From mboxrd@z Thu Jan  1 00:00:00 1970
Return-Path: <linux-kernel-owner@vger.kernel.org>
Received: (majordomo@vger.kernel.org) by vger.kernel.org via listexpand
	id S1758859Ab3EWMUJ (ORCPT <rfc822;w@1wt.eu>);
	Thu, 23 May 2013 08:20:09 -0400
Received: from mx1.redhat.com ([209.132.183.28]:62856 "EHLO mx1.redhat.com"
	rhost-flags-OK-OK-OK-OK) by vger.kernel.org with ESMTP
	id S1758844Ab3EWMUH (ORCPT <rfc822;linux-kernel@vger.kernel.org>);
	Thu, 23 May 2013 08:20:07 -0400
Message-ID: <519E095A.4000105@redhat.com>
Date: Thu, 23 May 2013 08:19:38 -0400
From: Rik van Riel <riel@redhat.com>
User-Agent: Mozilla/5.0 (X11; Linux x86_64; rv:17.0) Gecko/20130514 Thunderbird/17.0.6
MIME-Version: 1.0
To: Stanislav Meduna <stano@meduna.org>
CC: "H. Peter Anvin" <hpa@zytor.com>, Steven Rostedt <rostedt@goodmis.org>,
        Linus Torvalds <torvalds@linux-foundation.org>,
        "linux-rt-users@vger.kernel.org" <linux-rt-users@vger.kernel.org>,
        "linux-kernel@vger.kernel.org" <linux-kernel@vger.kernel.org>,
        Thomas Gleixner <tglx@linutronix.de>, Ingo Molnar <mingo@redhat.com>,
        the arch/x86 maintainers <x86@kernel.org>,
        Hai Huang <hhuang@redhat.com>
Subject: Re: [PATCH] mm: fix up a spurious page fault whenever it happens
References: <5195ED8B.7060002@meduna.org>  <1369183168.6828.168.camel@gandalf.local.home>  <519CBB30.3060200@redhat.com>  <CA+55aFxMqvDvcVtLW-yD2PuU_CcjPOC30Zk07Kuk6S25WCzbHQ@mail.gmail.com>  <20130522134111.33a695c5@cuia.bos.redhat.com> <519D08B0.8050707@meduna.org> <1369246316.6828.176.camel@gandalf.local.home> <519D0CAB.7020800@meduna.org> <519D0FF8.5080200@redhat.com> <519D118B.6010306@zytor.com> <519D11BF.5000604@redhat.com> <519DCE2A.4010801@meduna.org>
In-Reply-To: <519DCE2A.4010801@meduna.org>
Content-Type: text/plain; charset=UTF-8; format=flowed
Content-Transfer-Encoding: 7bit
Sender: linux-kernel-owner@vger.kernel.org
List-ID: <linux-kernel.vger.kernel.org>
X-Mailing-List: linux-kernel@vger.kernel.org

On 05/23/2013 04:07 AM, Stanislav Meduna wrote:
> On 22.05.2013 20:43, Rik van Riel wrote:
>
>>> Some CPUs have had errata when it comes to flushing large pages that
>>> have been split into small pages by hardware, e.g. due to MTRR
>>> conflicts.  In that case, fragments of the large page may have been left
>>> in the TLB.
>
> Can I somehow find if this is the case?

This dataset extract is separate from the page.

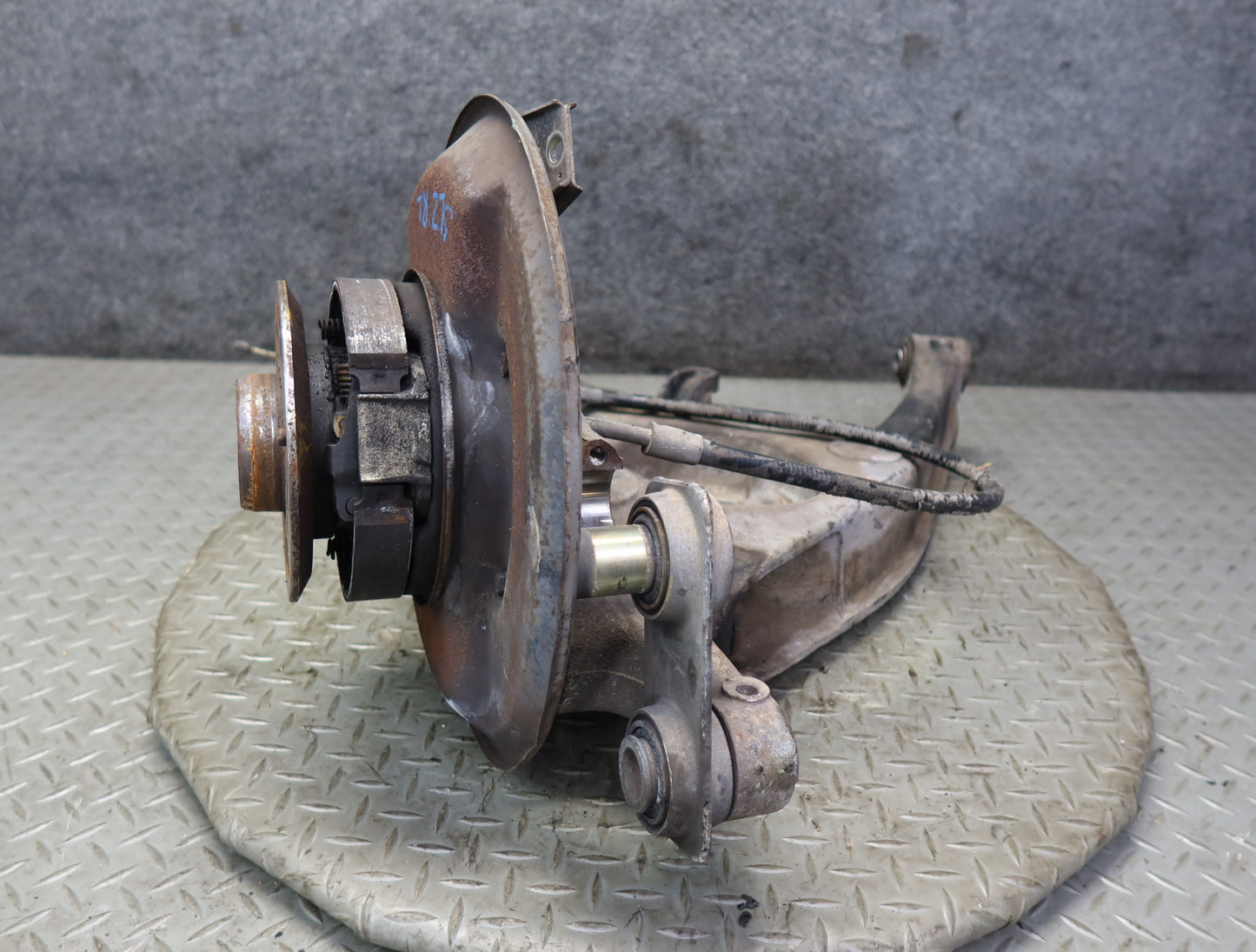 86-89 Mercedes R107 560SL Rear Left Trailing Arm Spindle Knuckle Wheel Hub OEM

The memory mapping
> for the failing process has two regions slightly larger than
> 4 MB - code and heap.
>
> The process also does not access any funny memory regions
> from userspace - it is basically networking (both TCP/IP
> and raw sockets) and crunching of the data received.
> No mmapped devices or something like that.
>
>> static inline void __native_flush_tlb_single(unsigned long addr)
>> {
>>          __flush_tlb();
>> }
>>
>> This on top of the other two patches.
>
> It did not crash overnight, but it also does not show any
> minor fault counted for the threads, so I'm afraid the situation
> just did not happen - there should be at least one visible in
> the ps -o min_flt output, right?

If all the page faults are done by he main thread,
and the TLB gets properly flushed now, the other
threads might not see minor faults.

> I will give it some more testing time.

That is a good idea.

Now to figure out how we properly fix this
issue in the kernel...

We can add a bit in the architecture bits that
we use to check against other CPU and system
errata, and conditionally flush the whole TLB
from __native_flush_tlb_single().

The question is, how do we identify what CPUs
need the extra flushing?

And in what circumstances do they require it?